* _Exercise description_
Only the lines below between the one holding "saeyan2（個別スタンプ：1）" and the one holding "81P - 幼儿园老师们", inclusive, are to be reproduced word for word; the pictures are to be left out.

* _Supplied data_
------------------------

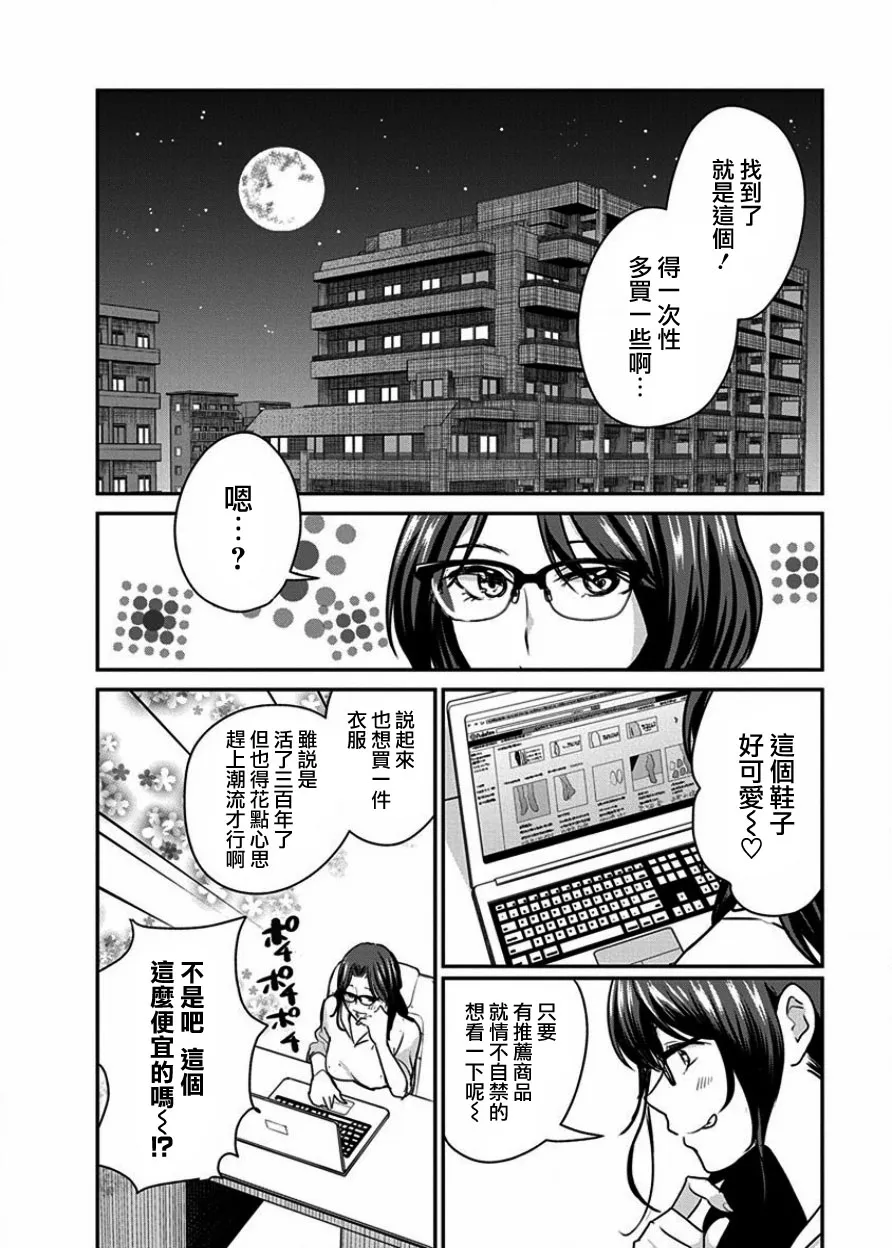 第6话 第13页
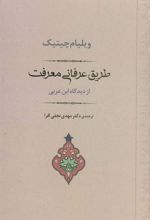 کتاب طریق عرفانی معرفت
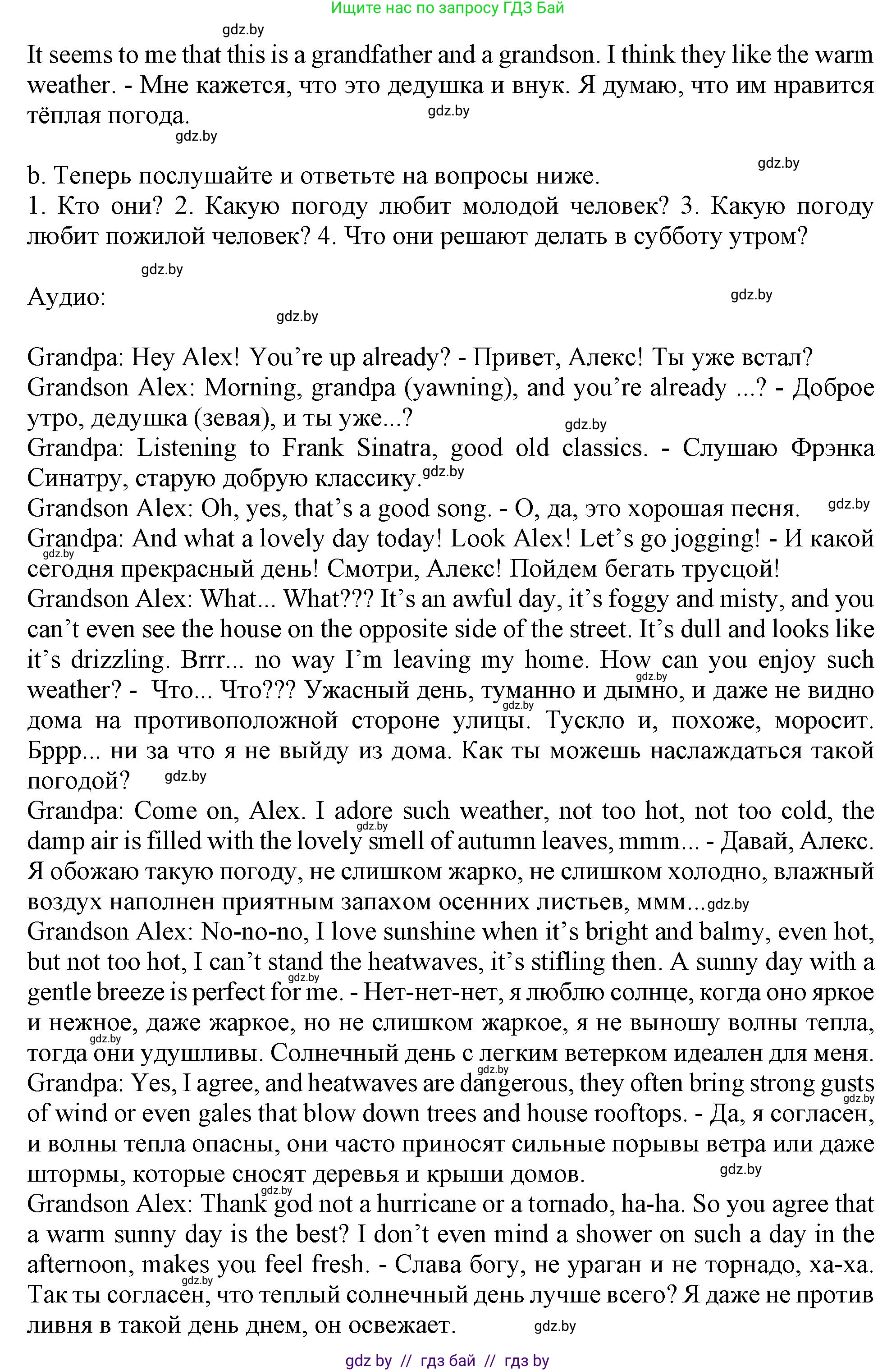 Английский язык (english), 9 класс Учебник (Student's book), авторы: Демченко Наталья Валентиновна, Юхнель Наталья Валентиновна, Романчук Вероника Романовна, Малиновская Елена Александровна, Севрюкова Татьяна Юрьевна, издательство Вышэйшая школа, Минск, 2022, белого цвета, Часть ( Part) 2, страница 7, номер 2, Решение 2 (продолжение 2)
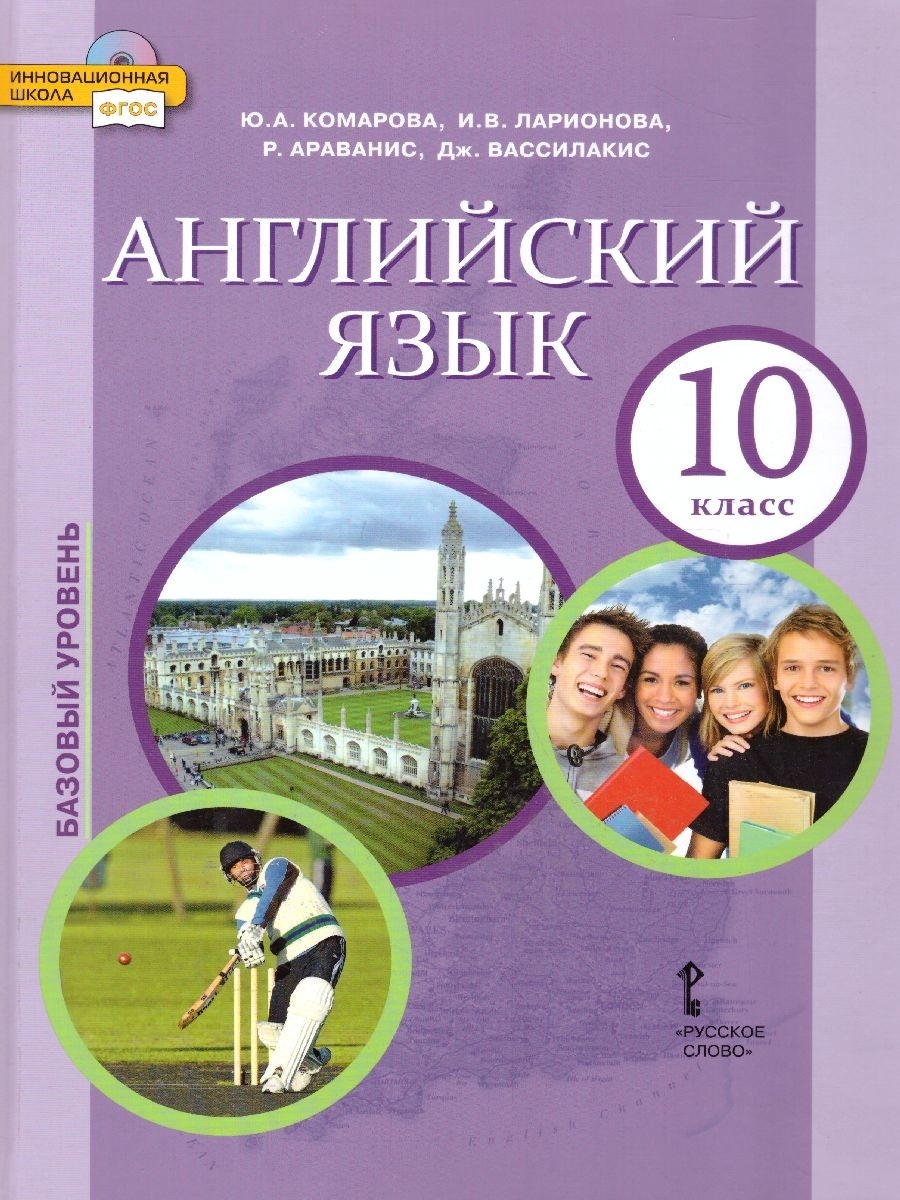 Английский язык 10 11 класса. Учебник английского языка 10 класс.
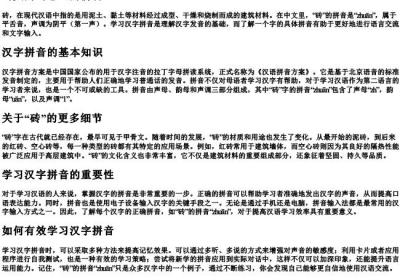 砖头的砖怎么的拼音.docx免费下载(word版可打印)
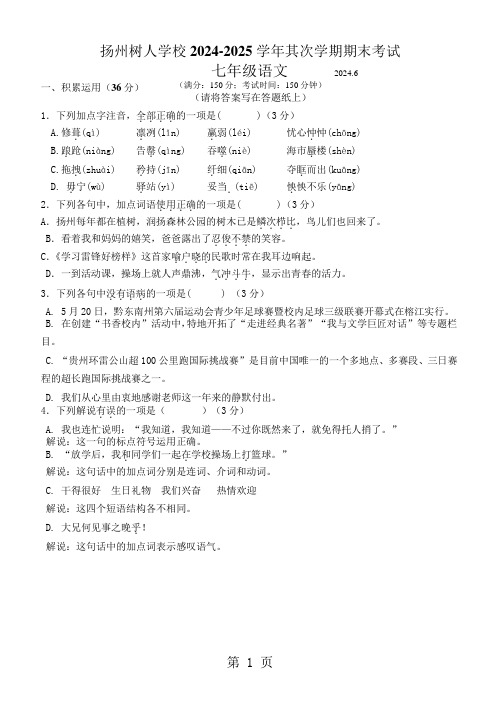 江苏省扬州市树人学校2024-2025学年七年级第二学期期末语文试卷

------------------------

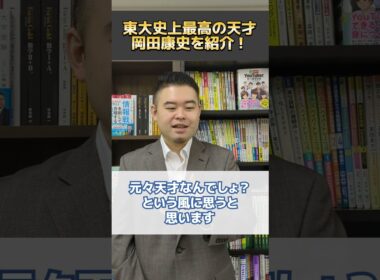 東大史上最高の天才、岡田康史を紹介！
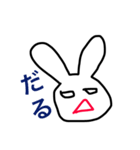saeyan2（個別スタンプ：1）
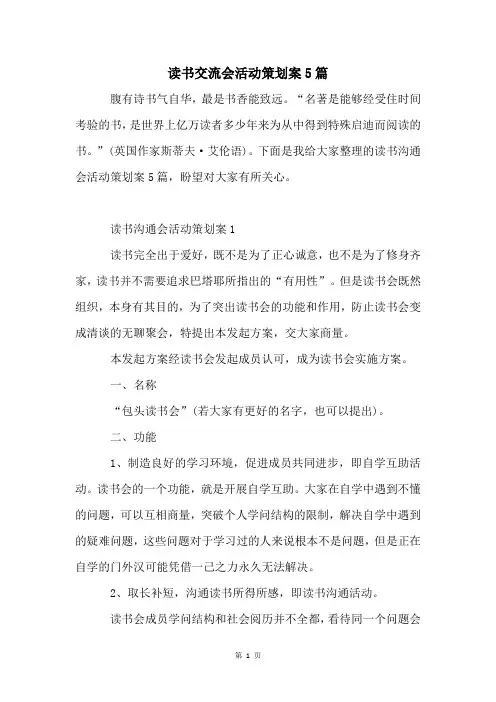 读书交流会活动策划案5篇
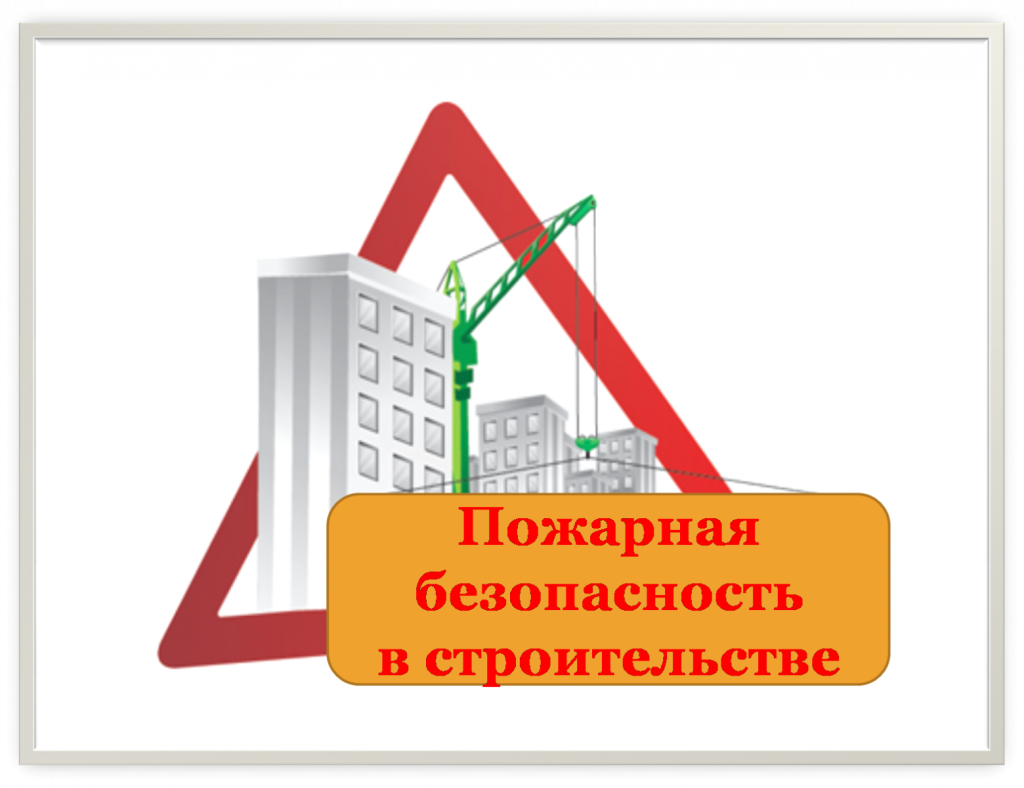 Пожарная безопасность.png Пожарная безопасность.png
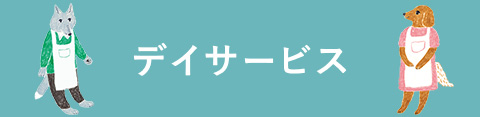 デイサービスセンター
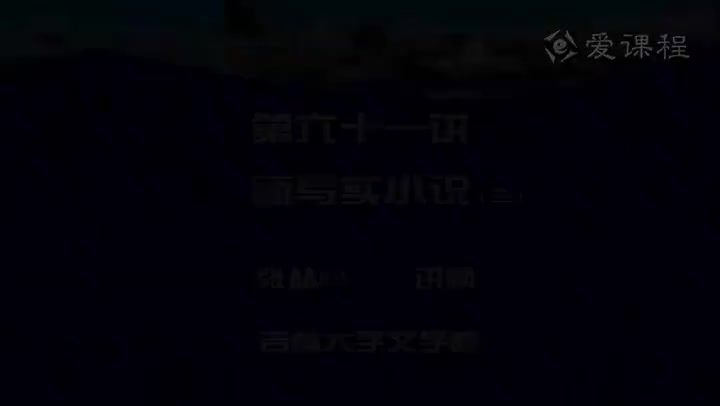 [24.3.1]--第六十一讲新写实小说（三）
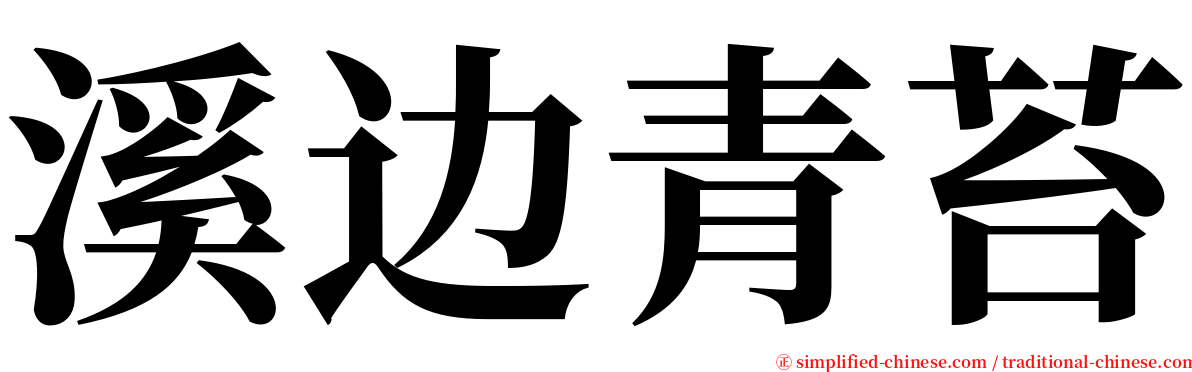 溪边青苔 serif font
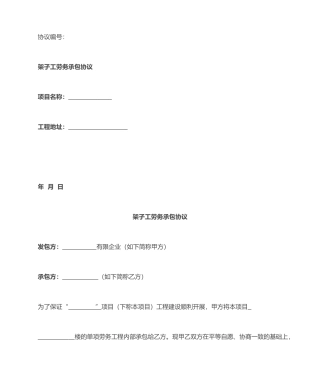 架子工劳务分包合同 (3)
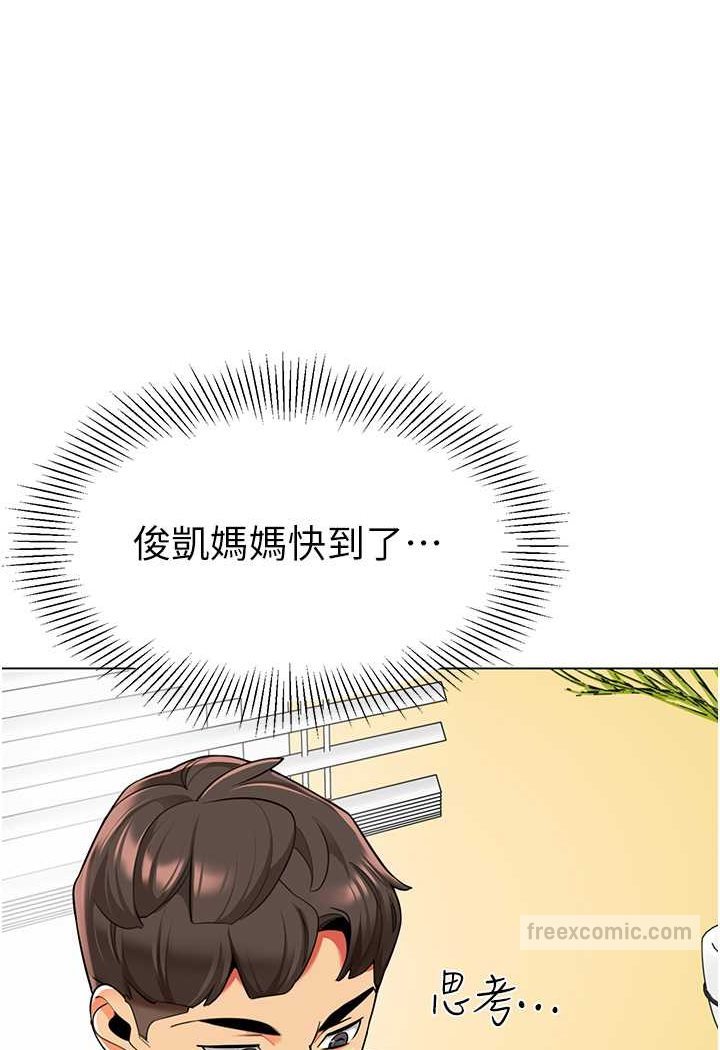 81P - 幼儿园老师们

------------------------

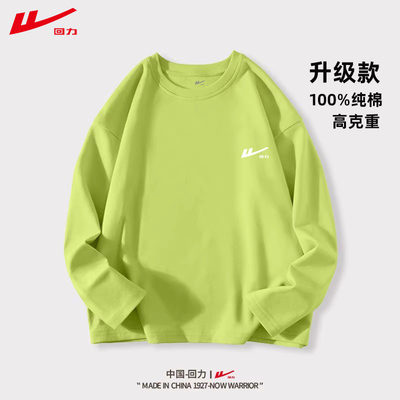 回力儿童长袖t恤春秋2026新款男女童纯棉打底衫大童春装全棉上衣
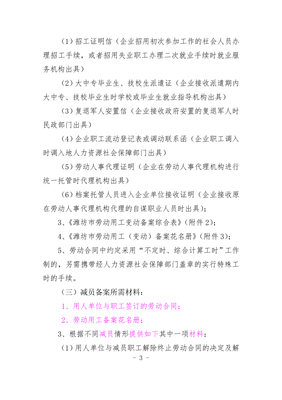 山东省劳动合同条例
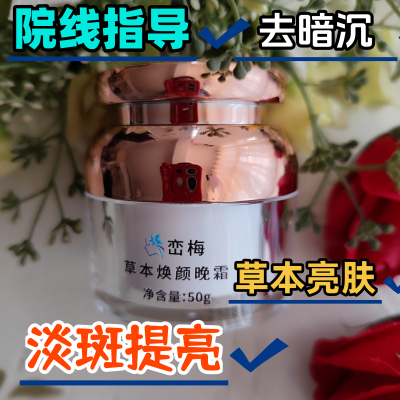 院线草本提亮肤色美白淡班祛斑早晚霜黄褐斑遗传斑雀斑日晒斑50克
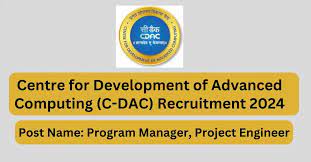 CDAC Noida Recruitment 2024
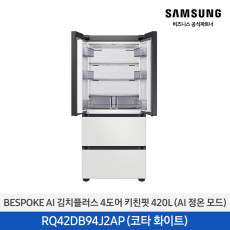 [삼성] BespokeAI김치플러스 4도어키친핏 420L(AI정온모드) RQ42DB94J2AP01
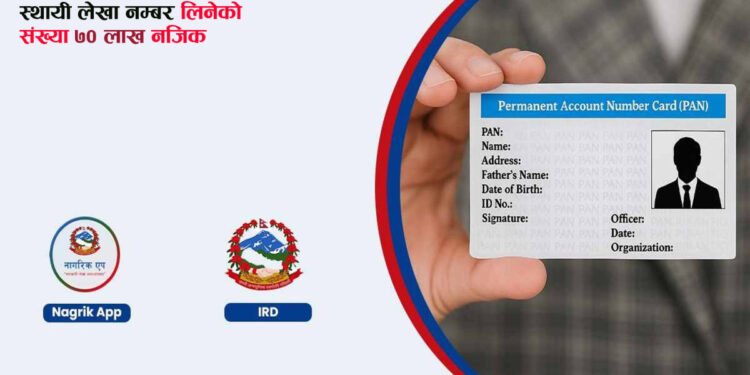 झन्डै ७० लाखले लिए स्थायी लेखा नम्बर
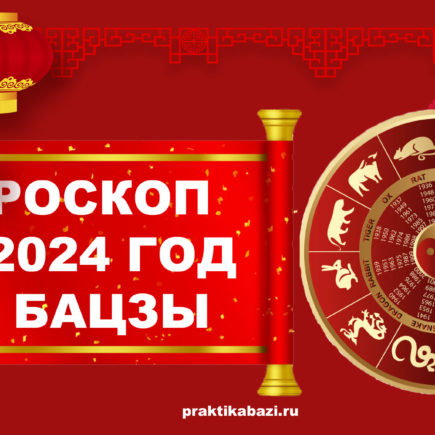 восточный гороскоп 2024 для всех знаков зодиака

------------------------

* _Task answer_
saeyan2（個別スタンプ：1）
 读书交流会活动策划案5篇
 Пожарная безопасность.png Пожарная безопасность.png
 デイサービスセンター
 [24.3.1]--第六十一讲新写实小说（三）
 溪边青苔 serif font
 架子工劳务分包合同 (3)
 81P - 幼儿园老师们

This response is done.